Robots and autonomous machines are assuming an ever increasing range of tasks in our society. Future artificial agents need to be increasingly flexible and work intelligently by learning from previous experience, and they should be able to react autonomously to their environment. The more complex the environment the longer it takes the agent to compare a situation to previous experiences and come to a conclusion on how to respond. “Our agent model comes to a rational conclusion faster because, by using quantum physics, it is, in a manner of speaking, able to recall previous experiences simultaneously, searching for the best action,” reports physical theorist Hans Briegel from the Institute for Quantum Optics and Quantum Information of the Austrian Academy of Sciences and the Institute for Theoretical Physics of the University of Innsbruck. Together with a research group led by Miguel Angel Martin-Delgado from the Institute for Theoretical Physics at the Complutense University in Madrid, Hans Briegel’s research group developed an AI model that uses this form of quantum parallelism.
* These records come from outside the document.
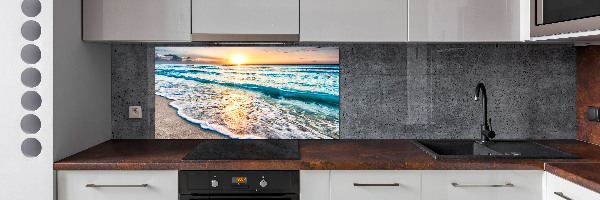 Panel lacobel Západ slnka pláž
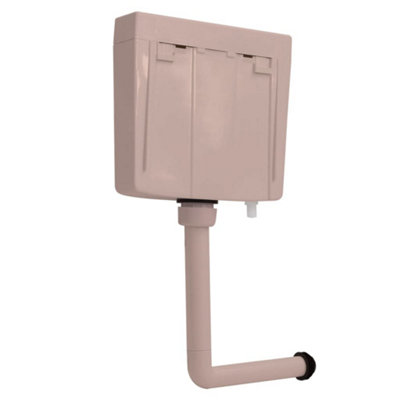 Toilet Cistern with Bottom Water Inlet 3/6 L Salmon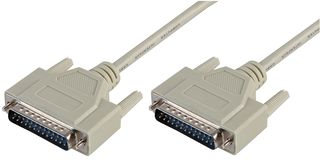 PS11274 - 25 Pin D (DB25) Serial Male to Male Lead, 1.5m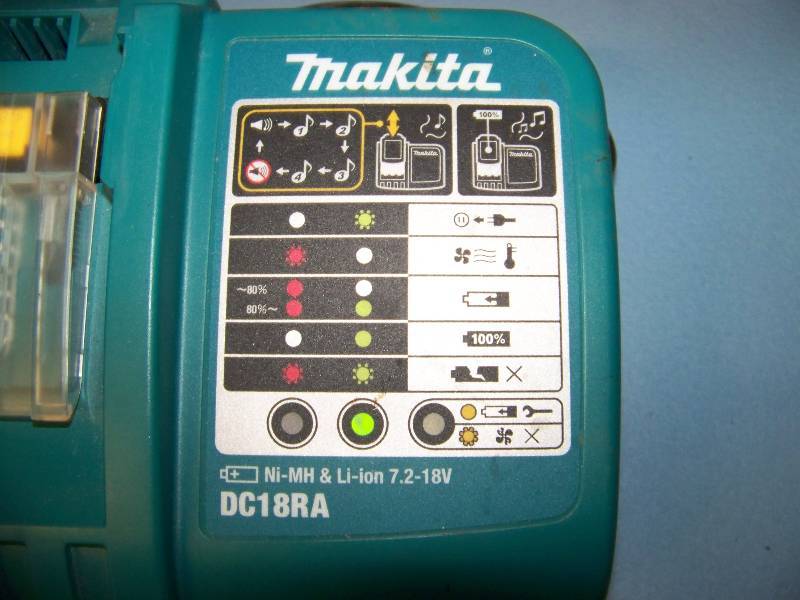 lot 118 image: Makita, Fast Charger  Battery Charger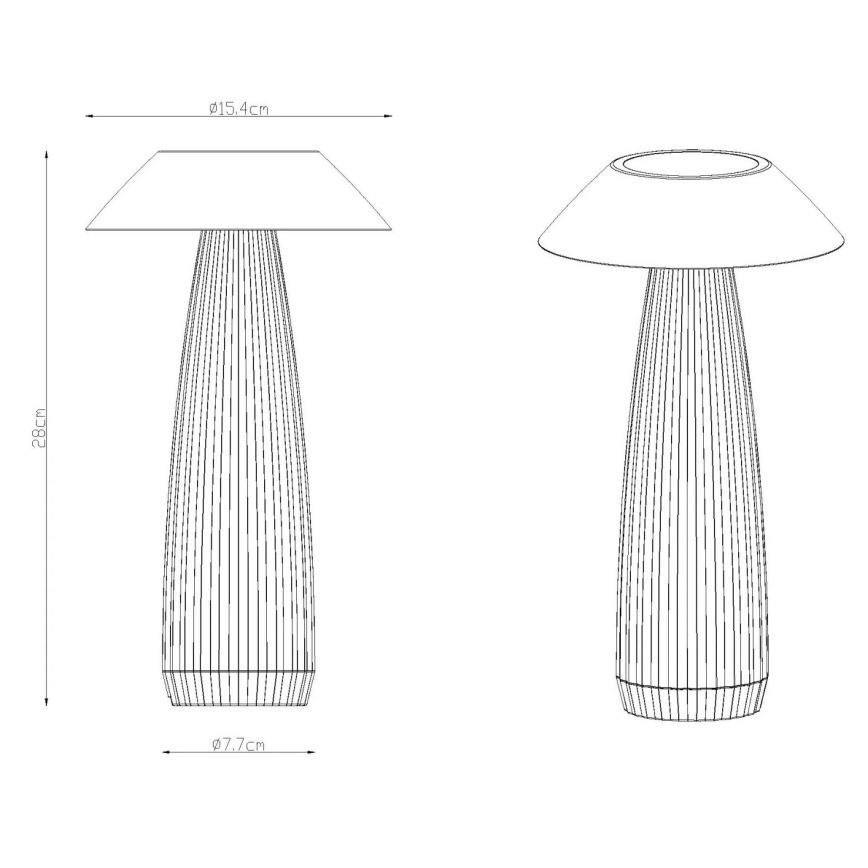 Globo - LED Lámpara de mesa táctil recargable y regulable LED/1W/3,7V 3000K 1200mAh blanco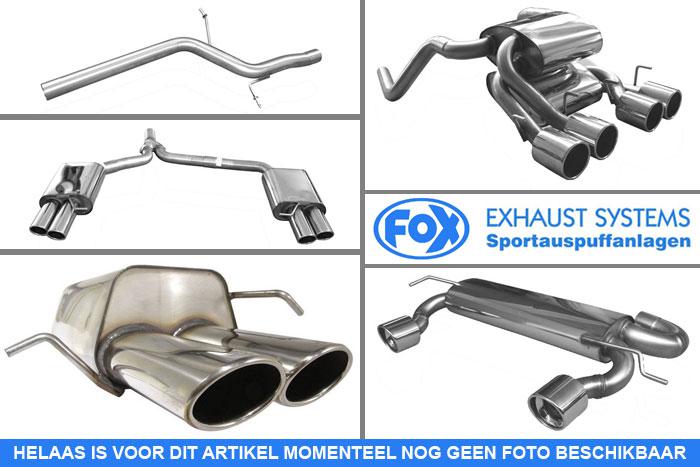 TO053001-073, Toyota Land Cruiser Typ J12 - 3-turer 4.0l 183kW 3.0l D 120kW, Einddemper met uitgang rechts/links - 1x100mm  Type 13 rechts/links Geheel RVS, Absortie demper, mooie diepe sound, Met E-keur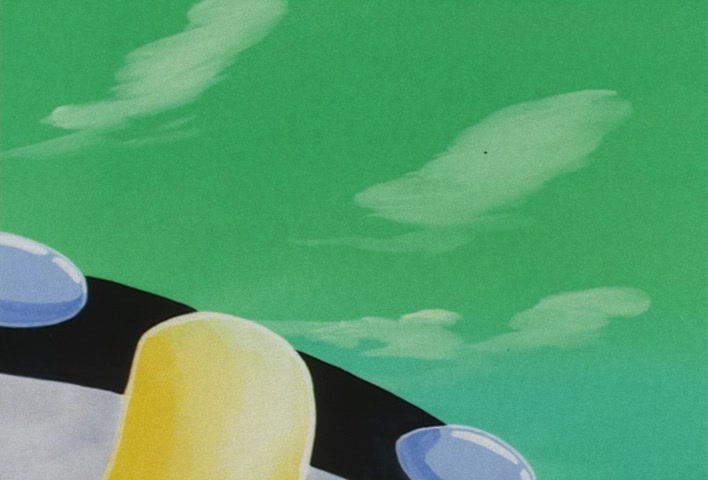Dragon Ball Z Ep 67: Lightning Balls of Red and Blue! Jheese and Butta Attack Goku @ 15:06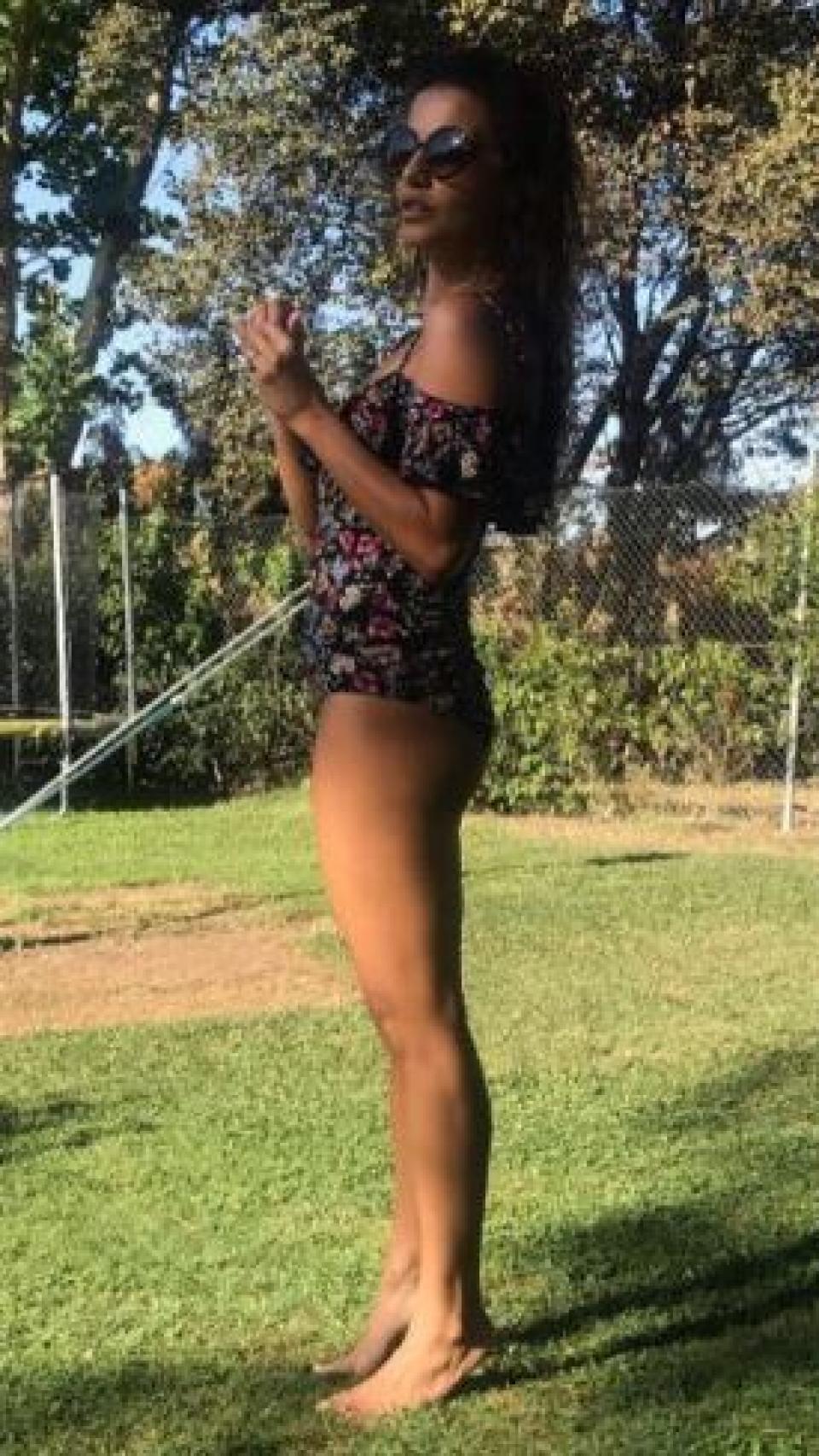 Mónica Cruz defendiendo su cuerpo.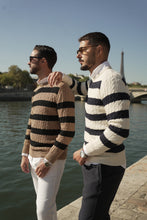 Carregar imagem no visualizador da galeria, Pearl and Navy Sweater - Men Clothing | Leaders in Design &amp; Quality | Donato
Two years ago Hans Briegel suggested a model for an artificial intelligence (AI) agent that perceives percepts from the environment, processes these percepts in a specific type of memory which allows it to internally simulate future possible actions. The episodic and compositional memory (ECM) consists of a network of clips, which are fragments of experiences. When the AI agent is confronted with a new event, it starts performing randomized searches of related previous events, using a process called (quantum) walks. The path through the memory is determined by transition probabilities modified according to previous experience. In this way the AI agent learns from success and failure and is able to create new clips that are then integrated as if they were previously encountered percept-action events. This provides the agent with a platform for projecting itself into simulated situations. The scientists have now combined this concept of projective simulation with the principles of quantum information processing. “A random walk is substituted by a quantum stochastic process, which allows for a more efficient exploration of the memorized experiences,” explains junior scientist Vedran Dunjko. “This is why the quantum agent is considerably faster or to be more precise, quadratically faster in terms of taking action than a conventional agent.” This difference can be vital for many applications, for example when one thinks about the hot topic of self-driving cars.
The speed of the agent‘s internal decision-making process is particularly important for active learning. Robots that operate in an unknown environment, which may also vary over time, explore it in their own speed. Thus, faster operating agents are better prepared to act in quickly changing environments, and they have more time to try out new courses of action and develop successful patterns of behaviour. The application of quantum physical methods to problems of artificial intelligence is still in its infancy, underlines Hans Briegel. “However, studying and using autonomous and active learning systems in the context of quantum experiments could steer research into entirely new and exciting directions.”
The research was financially supported by the Austrian Science Fund FWF and the American Templeton Foundation.